An elections staffer hangs scanner tapes used in early voting at the Fulton County Election Hub and Operation Center, Tuesday, Nov. 5, 2024, in Atlanta.

An elections staffer hangs scanner tapes used in early voting at the Fulton County Election Hub and Operation Center, Tuesday, Nov. 5, 2024, in Atlanta. AP PHOTO/JOHN BAZEMORE

By TIM NIXON

Published: 11-24-2024 6:30 PM

If Kamala Harris had won the 2024 election, the next months would have been filled with a cycle of headlines about voter fraud. They would have stemmed from complaints from Republican leadership and lawsuits backed by powerful donors (along with a smattering of grassroots supporters).

We will not see those headlines. Sure, a few will comment on the lack of voter fraud. There will be a handful of cases of actual voter fraud. But we now live in a reality where the next months will not be consumed with coverage of lawsuits over frivolous claims of massive election-changing fraud in swing states favoring Democrats. Because Republicans won.

The run-up to the 2024 election, as with 2020, was rife with Republican claims that our voting system is not secure. (In some places, laws were changed to make it more difficult to vote.) Now that their candidate has won, the next months will be met with silence on the issue of voter fraud by those who would have been screaming at the top of their lungs if the election had swung the other way.

Had they lost, news outlets would have written about the tone and tenor of the screams, and sent reassurances to the choir that in fact, our elections are quite safe, and no, thousands of dead people did not vote.

There are some cases where it is easy to make sense of this conundrum. For example, when Antonin Scalia died, then-Senate Majority Leader Mitch McConnell refused to follow plain text in the Constitution and confirm a nominee for the Supreme Court. To defend his inaction he provided a wild argument: before an election was an inappropriate time to approve a nominee.

News outlets and pundits went mad spilling real and virtual ink dissecting McConnell’s “argument.” Was there precedent? What had the Founders thought? What new and fascinating doctrine of reading the Constitution was McConnell following?

It was never a real argument, it was only ever a political expedient. The truth to that lie was given when the same situation happened four years later, and with power in his hands, McConnell happily installed his side’s Supreme Court nominee, Amy Coney Barrett. Precedent did not matter, nor did the intentions of the Founders. The idea was an intellectually empty claim made by a plainly Machiavellian politician.

Article continues after...

Yesterday's Most Read Articles

Marilyn and Jeff Blaustein: Spreading disinformation about the Jones Library
Amherst’s Slaughter lands post in Hampden-Wilbraham Regional School District
State overrules Shutesbury bylaw limiting grid batteries
Home heating help on tap: Residents urged to apply for fuel assistance
Janine Roberts: Unraveling my white supremacist history
UMass football: Amid coaching search, pair of blunders has athletic department in the spotlight

I have trouble applying the same logic to voter fraud. Sure, at the levels of power, politicians are only acting to meet the ends they want.

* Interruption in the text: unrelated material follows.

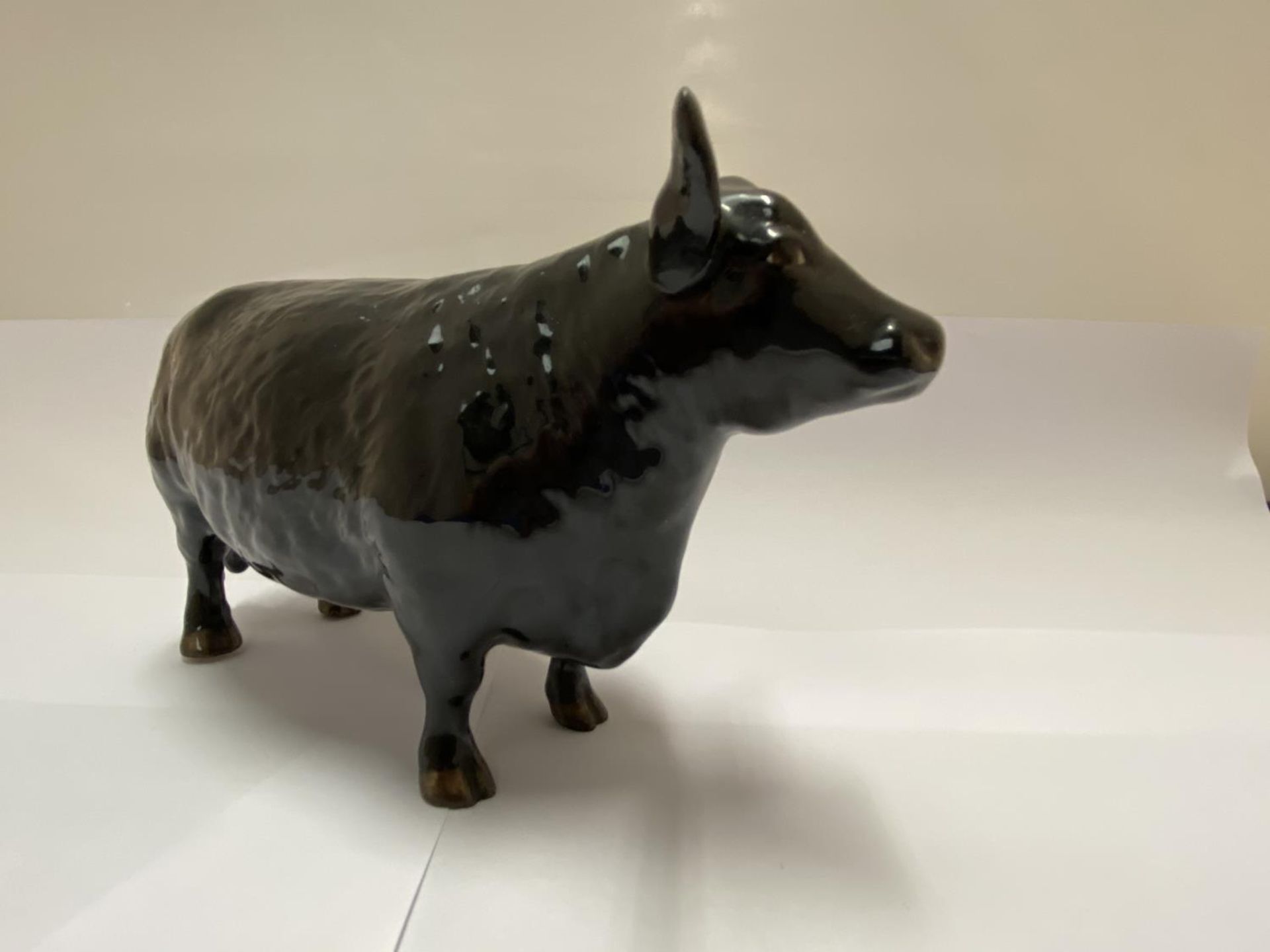 A BESWICK ABERDEEN ANGUS COW - Image 2 of 3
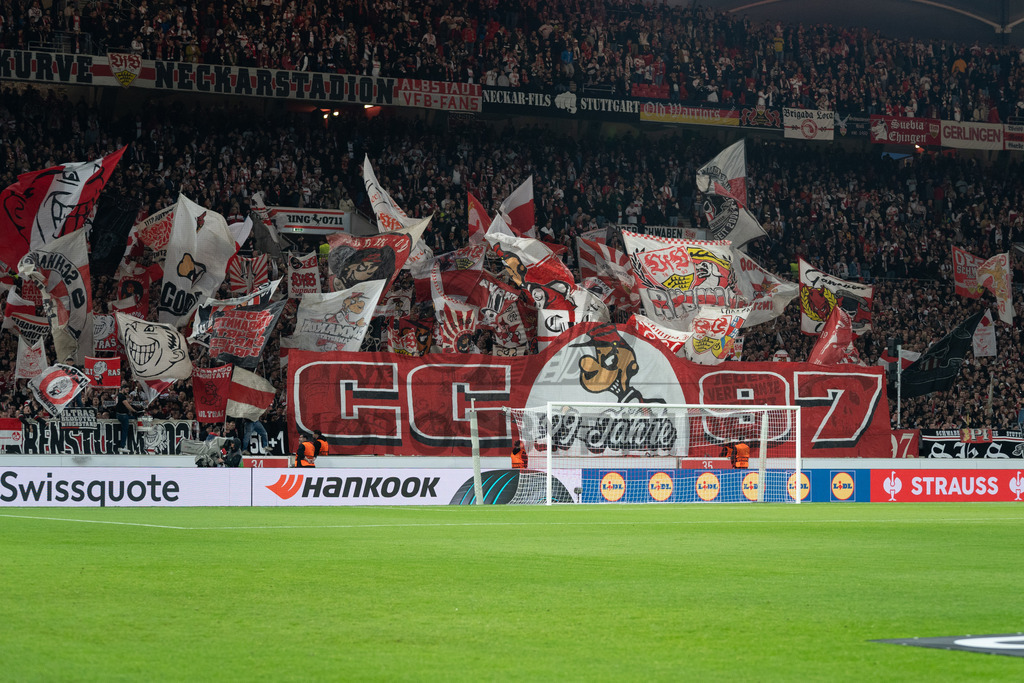 VfB Stuttgart vs. FC Porto, Fussball, Europa League, Achtelfinale, Hinspiel, 12.03.2026 | Choreo des VfB Stuttgart,VfB Stuttgart vs. FC Porto, Fussball, Europa League, Achtelfinale, Hinspiel, 12.03.2026Foto: photosbyphips/Philip Ziegler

The people running the super PACs, the lawyers paid by them, they all knew the dozens of lawsuits brought in 2020 to challenge the elections were frivolous.

The conundrum is the people. What explains the silence after so much preemptive worry? Where did all the anger and fear go? We know the answer is not that Republican voters think the laws that were changed to restrict voting worked to protect voter fraud, because in the alternate universe where Harris won, we know what the headlines would have included. Is it really so simple as they won, so they no longer care or worry about voter fraud?

Maybe it is that simple. When I was 20, I could not believe the unfairness of the drinking age. Readers will remember the refrain “I can die for my country but I can’t have a drink.” Then I turned 21, and suddenly, I did not care. Those poor sober 20-year-olds could pound sand.

Is that all that happened? A voter is genuinely concerned about fraud, but the election goes their way, so they no longer care? The drinking age is a serious discussion. Voting rights and voter fraud, more so. That the fraud is only a problem when a GOP candidate loses, while Harris has called the president-elect (a convicted felon and liable for sexual abuse) to congratulate him on his victory is upsetting, and frankly, a little terrifying.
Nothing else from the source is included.